• **WHAT THIS TASK INVOLVES**:
The required output holds only the lines from the one containing "1505 Willis Rd, Barnesville, GA" through the end of the material below, copied exactly, please, with no pictures.

• **EXTRACTED RECORDS**:
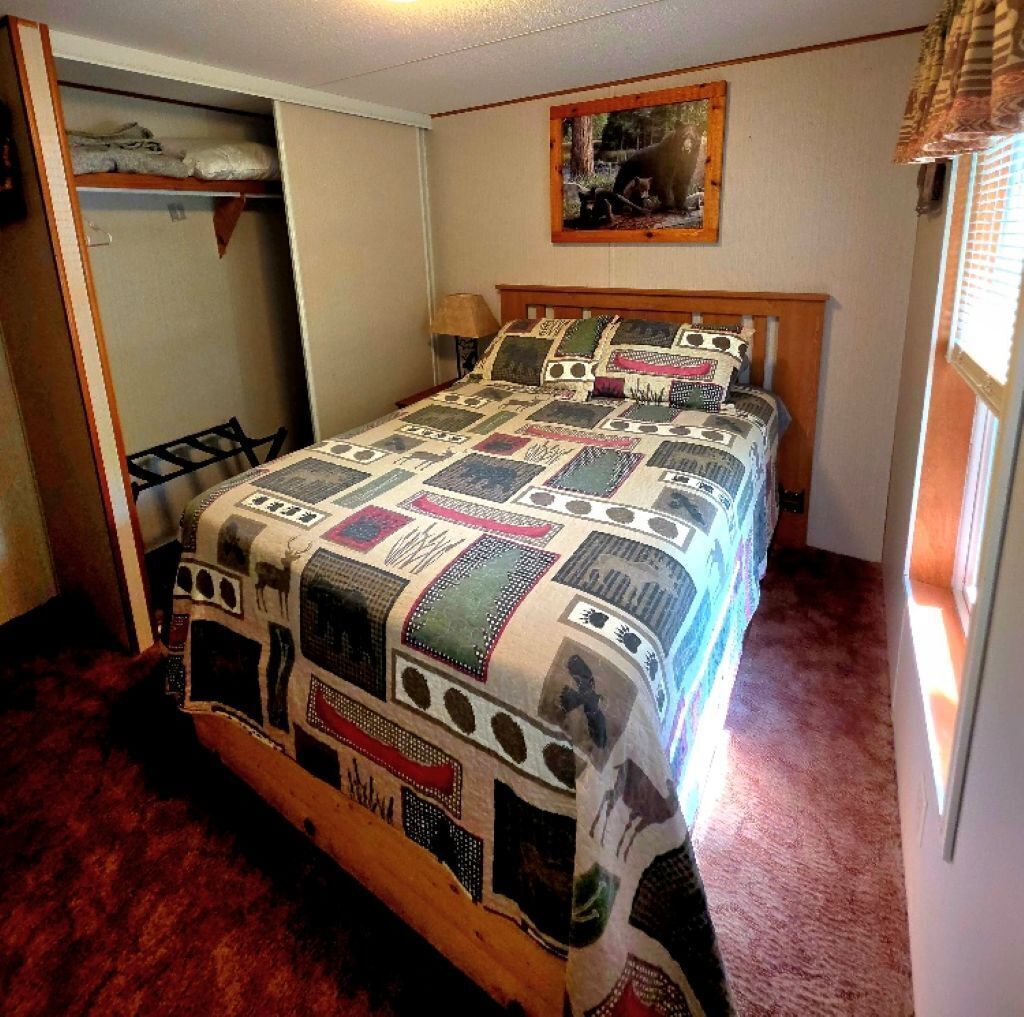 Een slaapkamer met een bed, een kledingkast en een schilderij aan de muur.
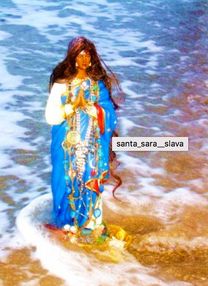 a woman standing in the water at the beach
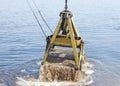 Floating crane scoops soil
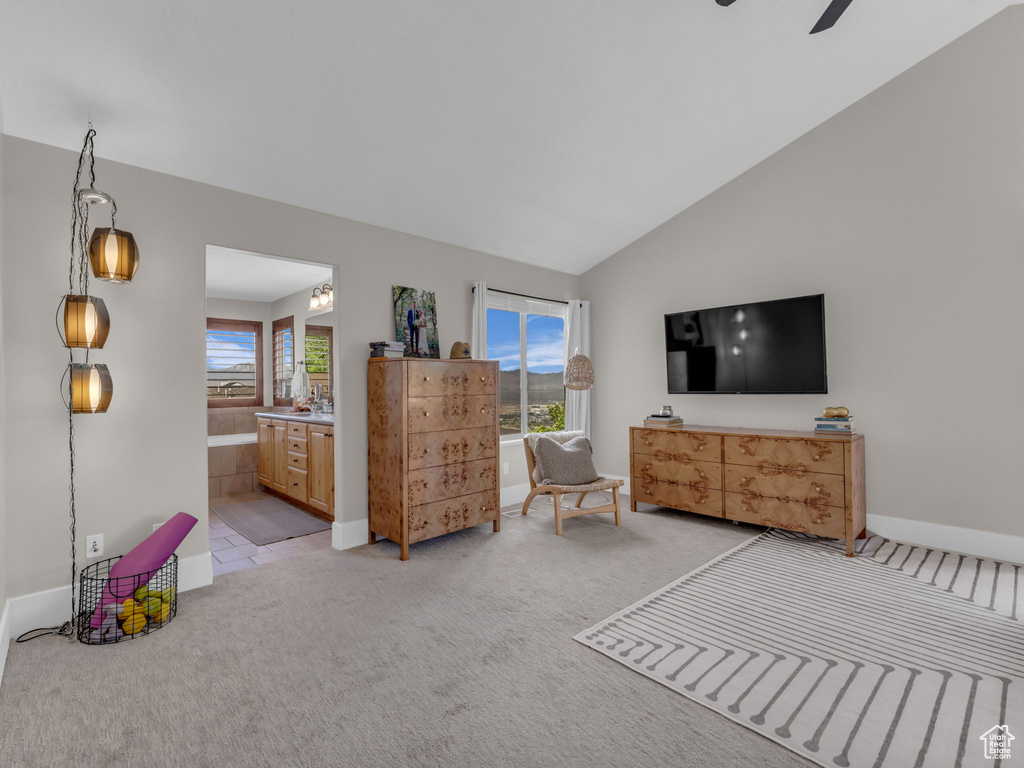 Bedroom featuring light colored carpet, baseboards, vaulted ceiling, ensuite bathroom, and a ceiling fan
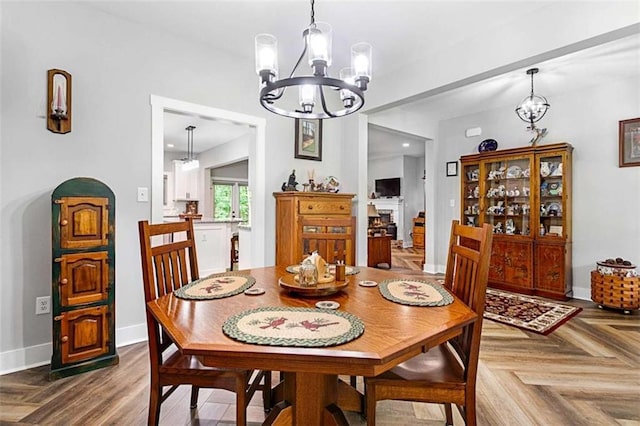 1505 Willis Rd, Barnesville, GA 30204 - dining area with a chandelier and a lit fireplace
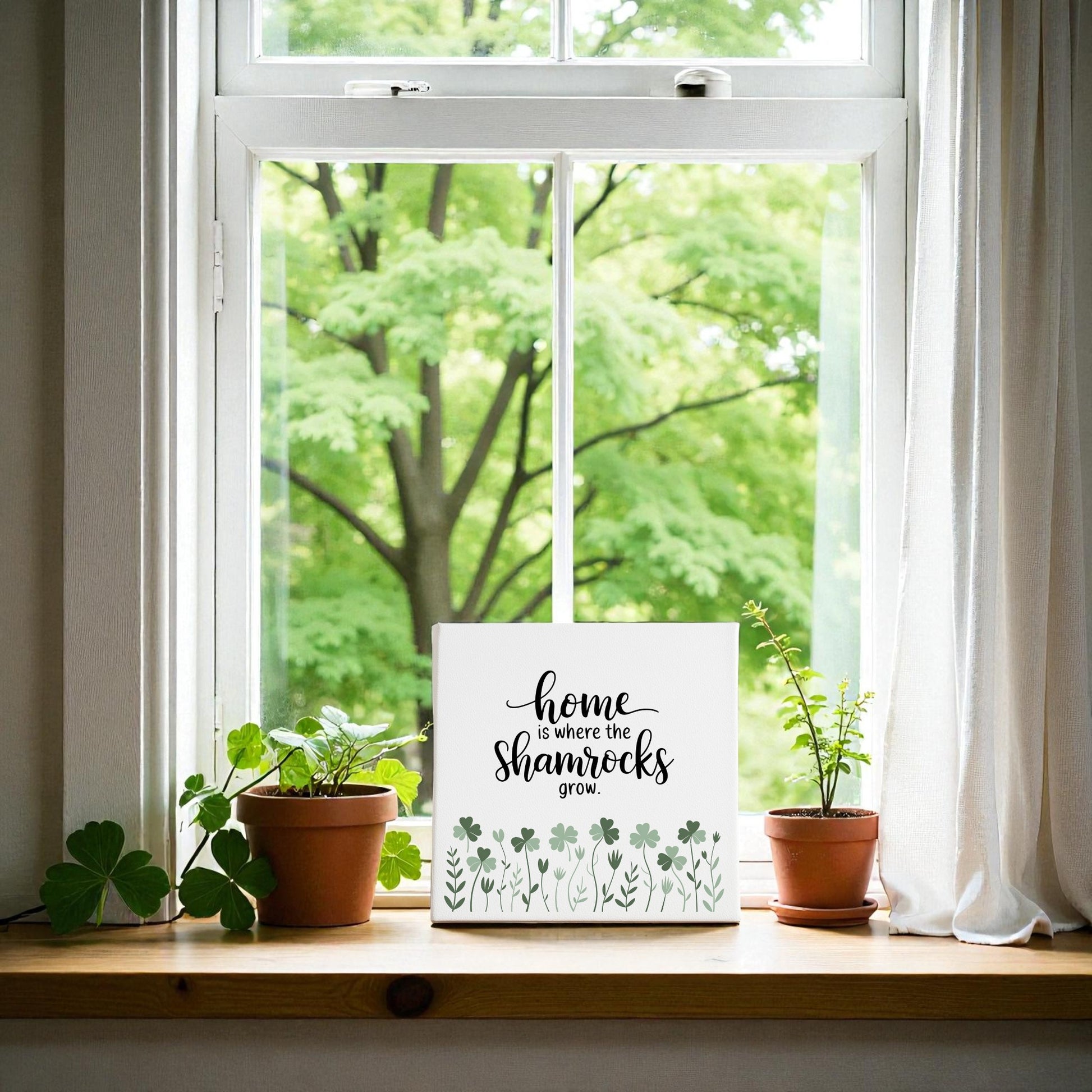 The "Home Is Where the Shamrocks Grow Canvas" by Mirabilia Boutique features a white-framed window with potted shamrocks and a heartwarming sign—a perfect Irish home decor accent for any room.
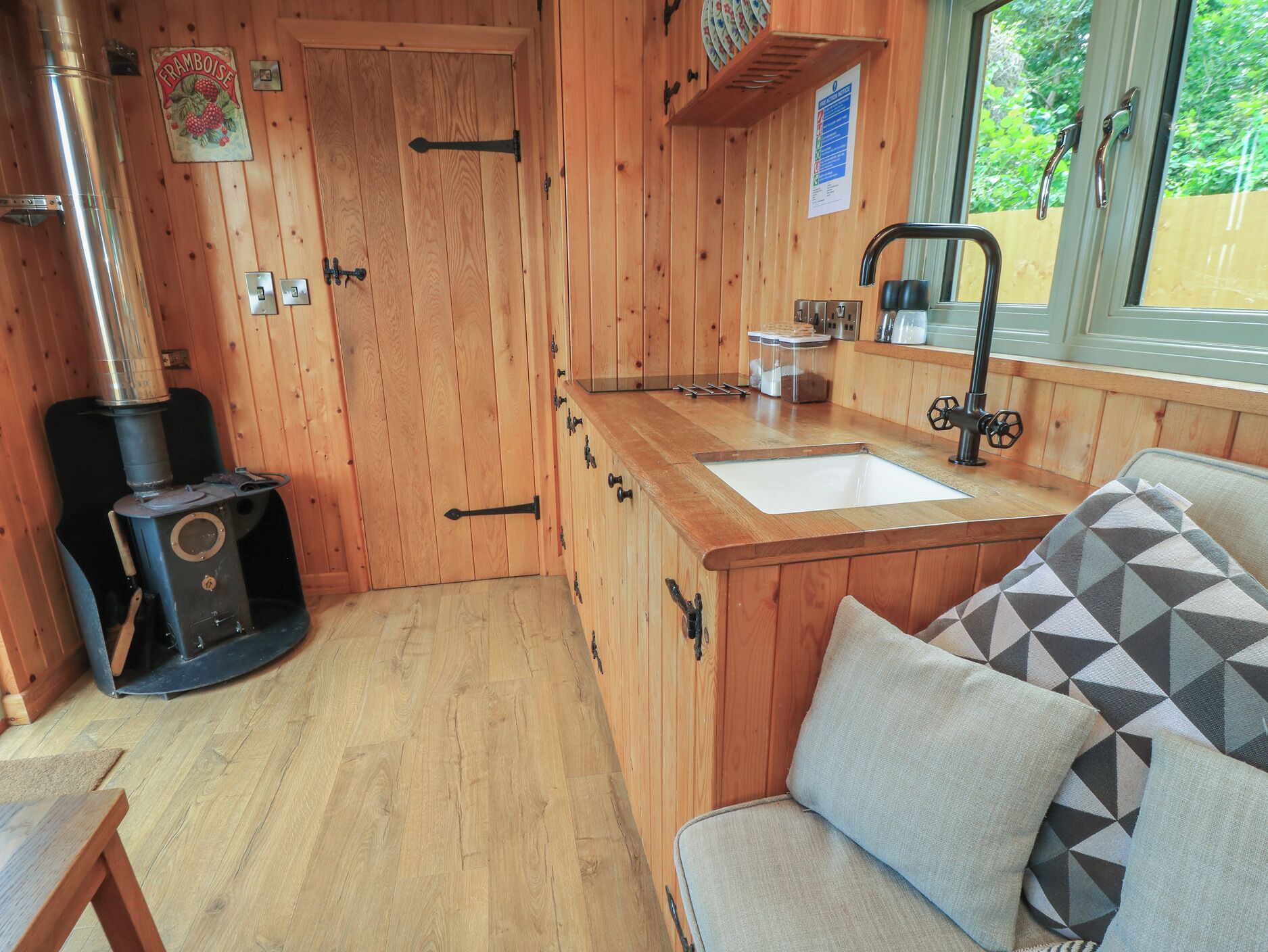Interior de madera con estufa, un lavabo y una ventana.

• **RESPONSE BELOW**:
 1505 Willis Rd, Barnesville, GA 30204 - dining area with a chandelier and a lit fireplace
 The "Home Is Where the Shamrocks Grow Canvas" by Mirabilia Boutique features a white-framed window with potted shamrocks and a heartwarming sign—a perfect Irish home decor accent for any room.
Interior de madera con estufa, un lavabo y una ventana.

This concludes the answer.